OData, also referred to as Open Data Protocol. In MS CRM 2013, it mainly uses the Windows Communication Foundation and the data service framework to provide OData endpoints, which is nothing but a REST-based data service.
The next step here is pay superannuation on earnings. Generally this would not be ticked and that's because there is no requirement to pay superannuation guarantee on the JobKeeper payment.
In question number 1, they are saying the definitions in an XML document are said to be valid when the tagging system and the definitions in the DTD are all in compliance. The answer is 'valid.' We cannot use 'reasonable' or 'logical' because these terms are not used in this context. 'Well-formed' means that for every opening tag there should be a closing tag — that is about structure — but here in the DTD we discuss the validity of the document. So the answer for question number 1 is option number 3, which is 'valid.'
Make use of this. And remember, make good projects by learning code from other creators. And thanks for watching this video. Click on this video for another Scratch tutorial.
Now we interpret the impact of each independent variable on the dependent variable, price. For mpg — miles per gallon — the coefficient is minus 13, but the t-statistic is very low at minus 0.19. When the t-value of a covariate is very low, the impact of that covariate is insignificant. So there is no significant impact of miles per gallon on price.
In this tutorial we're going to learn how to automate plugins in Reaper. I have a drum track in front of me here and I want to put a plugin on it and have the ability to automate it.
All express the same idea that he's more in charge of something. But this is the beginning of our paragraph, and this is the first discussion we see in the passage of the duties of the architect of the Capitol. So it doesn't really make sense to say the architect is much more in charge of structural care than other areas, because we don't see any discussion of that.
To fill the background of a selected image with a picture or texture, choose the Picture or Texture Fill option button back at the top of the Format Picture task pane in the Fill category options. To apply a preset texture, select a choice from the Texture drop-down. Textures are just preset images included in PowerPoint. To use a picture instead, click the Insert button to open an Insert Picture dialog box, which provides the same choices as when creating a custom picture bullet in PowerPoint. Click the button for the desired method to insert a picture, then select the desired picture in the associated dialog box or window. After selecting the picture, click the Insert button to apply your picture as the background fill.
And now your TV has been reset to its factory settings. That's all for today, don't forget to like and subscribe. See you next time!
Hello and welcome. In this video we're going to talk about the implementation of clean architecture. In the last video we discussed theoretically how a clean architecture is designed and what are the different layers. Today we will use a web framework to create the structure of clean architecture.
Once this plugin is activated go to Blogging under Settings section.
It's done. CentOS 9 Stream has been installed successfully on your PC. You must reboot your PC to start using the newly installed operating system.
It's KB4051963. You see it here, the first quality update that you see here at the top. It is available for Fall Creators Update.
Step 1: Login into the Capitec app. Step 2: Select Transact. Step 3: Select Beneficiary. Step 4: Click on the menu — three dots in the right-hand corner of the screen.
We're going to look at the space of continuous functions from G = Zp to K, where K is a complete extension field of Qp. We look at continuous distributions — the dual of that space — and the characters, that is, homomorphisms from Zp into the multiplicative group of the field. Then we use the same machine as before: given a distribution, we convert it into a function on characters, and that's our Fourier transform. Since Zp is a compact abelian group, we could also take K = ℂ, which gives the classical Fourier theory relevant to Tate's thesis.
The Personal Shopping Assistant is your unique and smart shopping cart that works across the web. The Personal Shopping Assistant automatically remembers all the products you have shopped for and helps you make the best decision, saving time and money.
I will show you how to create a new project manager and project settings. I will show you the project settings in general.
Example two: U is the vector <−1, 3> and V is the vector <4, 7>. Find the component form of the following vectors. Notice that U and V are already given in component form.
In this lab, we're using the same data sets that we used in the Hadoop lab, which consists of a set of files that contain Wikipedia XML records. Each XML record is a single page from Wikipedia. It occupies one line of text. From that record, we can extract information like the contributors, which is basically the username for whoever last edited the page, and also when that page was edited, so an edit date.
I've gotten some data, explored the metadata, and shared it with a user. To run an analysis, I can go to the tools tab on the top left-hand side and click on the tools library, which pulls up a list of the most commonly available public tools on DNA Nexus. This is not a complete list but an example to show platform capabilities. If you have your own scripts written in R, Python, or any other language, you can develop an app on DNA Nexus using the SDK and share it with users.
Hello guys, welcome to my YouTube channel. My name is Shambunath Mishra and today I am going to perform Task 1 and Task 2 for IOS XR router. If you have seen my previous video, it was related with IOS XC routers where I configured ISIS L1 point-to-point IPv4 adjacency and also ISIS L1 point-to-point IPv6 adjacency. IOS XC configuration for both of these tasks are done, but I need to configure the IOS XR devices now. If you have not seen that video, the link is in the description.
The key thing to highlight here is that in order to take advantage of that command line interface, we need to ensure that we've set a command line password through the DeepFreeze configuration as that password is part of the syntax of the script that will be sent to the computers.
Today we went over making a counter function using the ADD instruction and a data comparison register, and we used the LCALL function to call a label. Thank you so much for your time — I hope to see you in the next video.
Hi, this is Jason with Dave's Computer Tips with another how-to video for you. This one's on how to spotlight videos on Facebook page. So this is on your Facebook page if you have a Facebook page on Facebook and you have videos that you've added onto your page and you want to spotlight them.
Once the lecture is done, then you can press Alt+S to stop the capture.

══════════

● Task item
All of the data needs to be reproduced exactly, with no line missing.

● Solution for this exercise
OData, also referred to as Open Data Protocol. In MS CRM 2013, it mainly uses the Windows Communication Foundation and the data service framework to provide OData endpoints, which is nothing but a REST-based data service.
The next step here is pay superannuation on earnings. Generally this would not be ticked and that's because there is no requirement to pay superannuation guarantee on the JobKeeper payment.
In question number 1, they are saying the definitions in an XML document are said to be valid when the tagging system and the definitions in the DTD are all in compliance. The answer is 'valid.' We cannot use 'reasonable' or 'logical' because these terms are not used in this context. 'Well-formed' means that for every opening tag there should be a closing tag — that is about structure — but here in the DTD we discuss the validity of the document. So the answer for question number 1 is option number 3, which is 'valid.'
Make use of this. And remember, make good projects by learning code from other creators. And thanks for watching this video. Click on this video for another Scratch tutorial.
Now we interpret the impact of each independent variable on the dependent variable, price. For mpg — miles per gallon — the coefficient is minus 13, but the t-statistic is very low at minus 0.19. When the t-value of a covariate is very low, the impact of that covariate is insignificant. So there is no significant impact of miles per gallon on price.
In this tutorial we're going to learn how to automate plugins in Reaper. I have a drum track in front of me here and I want to put a plugin on it and have the ability to automate it.
All express the same idea that he's more in charge of something. But this is the beginning of our paragraph, and this is the first discussion we see in the passage of the duties of the architect of the Capitol. So it doesn't really make sense to say the architect is much more in charge of structural care than other areas, because we don't see any discussion of that.
To fill the background of a selected image with a picture or texture, choose the Picture or Texture Fill option button back at the top of the Format Picture task pane in the Fill category options. To apply a preset texture, select a choice from the Texture drop-down. Textures are just preset images included in PowerPoint. To use a picture instead, click the Insert button to open an Insert Picture dialog box, which provides the same choices as when creating a custom picture bullet in PowerPoint. Click the button for the desired method to insert a picture, then select the desired picture in the associated dialog box or window. After selecting the picture, click the Insert button to apply your picture as the background fill.
And now your TV has been reset to its factory settings. That's all for today, don't forget to like and subscribe. See you next time!
Hello and welcome. In this video we're going to talk about the implementation of clean architecture. In the last video we discussed theoretically how a clean architecture is designed and what are the different layers. Today we will use a web framework to create the structure of clean architecture.
Once this plugin is activated go to Blogging under Settings section.
It's done. CentOS 9 Stream has been installed successfully on your PC. You must reboot your PC to start using the newly installed operating system.
It's KB4051963. You see it here, the first quality update that you see here at the top. It is available for Fall Creators Update.
Step 1: Login into the Capitec app. Step 2: Select Transact. Step 3: Select Beneficiary. Step 4: Click on the menu — three dots in the right-hand corner of the screen.
We're going to look at the space of continuous functions from G = Zp to K, where K is a complete extension field of Qp. We look at continuous distributions — the dual of that space — and the characters, that is, homomorphisms from Zp into the multiplicative group of the field. Then we use the same machine as before: given a distribution, we convert it into a function on characters, and that's our Fourier transform. Since Zp is a compact abelian group, we could also take K = ℂ, which gives the classical Fourier theory relevant to Tate's thesis.
The Personal Shopping Assistant is your unique and smart shopping cart that works across the web. The Personal Shopping Assistant automatically remembers all the products you have shopped for and helps you make the best decision, saving time and money.
I will show you how to create a new project manager and project settings. I will show you the project settings in general.
Example two: U is the vector <−1, 3> and V is the vector <4, 7>. Find the component form of the following vectors. Notice that U and V are already given in component form.
In this lab, we're using the same data sets that we used in the Hadoop lab, which consists of a set of files that contain Wikipedia XML records. Each XML record is a single page from Wikipedia. It occupies one line of text. From that record, we can extract information like the contributors, which is basically the username for whoever last edited the page, and also when that page was edited, so an edit date.
I've gotten some data, explored the metadata, and shared it with a user. To run an analysis, I can go to the tools tab on the top left-hand side and click on the tools library, which pulls up a list of the most commonly available public tools on DNA Nexus. This is not a complete list but an example to show platform capabilities. If you have your own scripts written in R, Python, or any other language, you can develop an app on DNA Nexus using the SDK and share it with users.
Hello guys, welcome to my YouTube channel. My name is Shambunath Mishra and today I am going to perform Task 1 and Task 2 for IOS XR router. If you have seen my previous video, it was related with IOS XC routers where I configured ISIS L1 point-to-point IPv4 adjacency and also ISIS L1 point-to-point IPv6 adjacency. IOS XC configuration for both of these tasks are done, but I need to configure the IOS XR devices now. If you have not seen that video, the link is in the description.
The key thing to highlight here is that in order to take advantage of that command line interface, we need to ensure that we've set a command line password through the DeepFreeze configuration as that password is part of the syntax of the script that will be sent to the computers.
Today we went over making a counter function using the ADD instruction and a data comparison register, and we used the LCALL function to call a label. Thank you so much for your time — I hope to see you in the next video.
Hi, this is Jason with Dave's Computer Tips with another how-to video for you. This one's on how to spotlight videos on Facebook page. So this is on your Facebook page if you have a Facebook page on Facebook and you have videos that you've added onto your page and you want to spotlight them.
Once the lecture is done, then you can press Alt+S to stop the capture.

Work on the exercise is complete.